OLYMPIA by Ferenc Molnár, adapted by Michael Healey, directed by Albert Schultz, with Kristin Booth, Stuart Hughes, Nancy Palk and Brenda Robins. Presented by Soulpepper at the Premiere Dance Theatre (207 Queens Quay West). Runs in rep to September 29. $32.50-$51.50, stu $25, limited same-day rush $5-$18. 416-973-4000. Rating: NNN
Along with some big laughs, Ferenc Molnár 's 1928 play Olympia provides some telling insights into Old World class systems and social behaviour. It also features a juicy comic role that's nearly on a par with Oscar Wilde's Lady Bracknell.
Lucky for us that Soulpepper has hired Drawer Boy writer Michael Healey to adapt the play, and Nancy Palk - who's equally good at drama and comedy - to play Princess Eugenie.
At a health resort in the Austrian Alps, the Princess and her daughter, Olympia ( Kristin Booth ), are passing the time playing bridge, attending balls and dallying with the déclassé natives.
Olympia has been spending too much time with Kovacs ( Stuart Hughes ), a Hungarian soldier whom Eugenie calls a peasant. When the daughter breaks off their relationship, it's revealed that Kovacs has some secrets, a fact that sets in motion a tightly constructed plot involving theft, blackmail and sex.
Healey's (The Drawer Boy) adaptation is direct, vivid and very funny. He's presumably kept in such dated and potentially offensive phrases as "radioactive baths," "Apache," and "Oriental" to provide social and cultural context. Clever move. He also plays the small role of Count Albert, a hen-pecked husband to Brenda Robins 's Countess, who's looking for any impropriety on the part of Eugenie and her daughter.

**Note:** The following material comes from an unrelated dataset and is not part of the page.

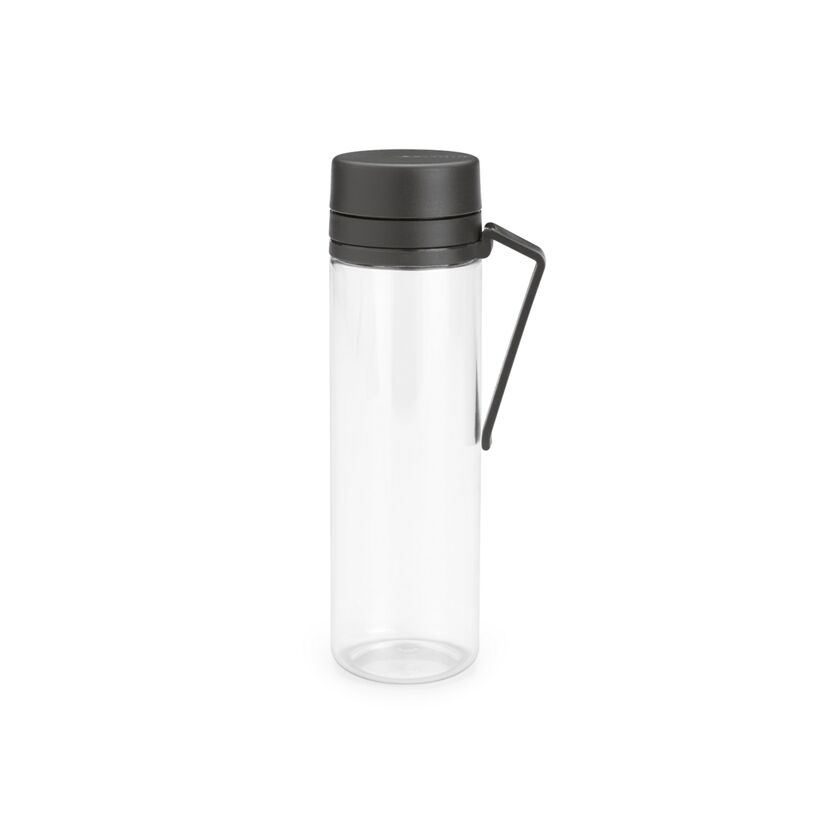 Durchsichtige Trinkflasche mit dunkelgrauem Deckel und Henkel.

Albert Schultz 's production, handsomely designed by Peter Hartwell , underlines the social satire but doesn't quite capture the fin-de-siècle gravitas that's there in the script. The piece floats along like a Hepburn and Grant drawing room comedy, changes gears midway to become a Hitchcock thriller, but falters near its unearned ending.
Some of that is due to the casting of Booth in the title role. Looking glam and every inch the ingenue, she fails to suggest any emotional complexity beneath the haughty exterior. Hughes succeeds better with his proud soldier; his ardour seems more believable than hers.
As a local police officer, Oliver Dennis delivers some amusing clown turns to round out the scenes, and Robins brings an animal quality to her jealous, manic gossipmonger.
Still, Palk steals the show as the Martha Stewart of the Austro-Hungarian empire. Whether slamming entire cultures with a choice one-liner or soberly admitting that privilege has its price, she's magnetic.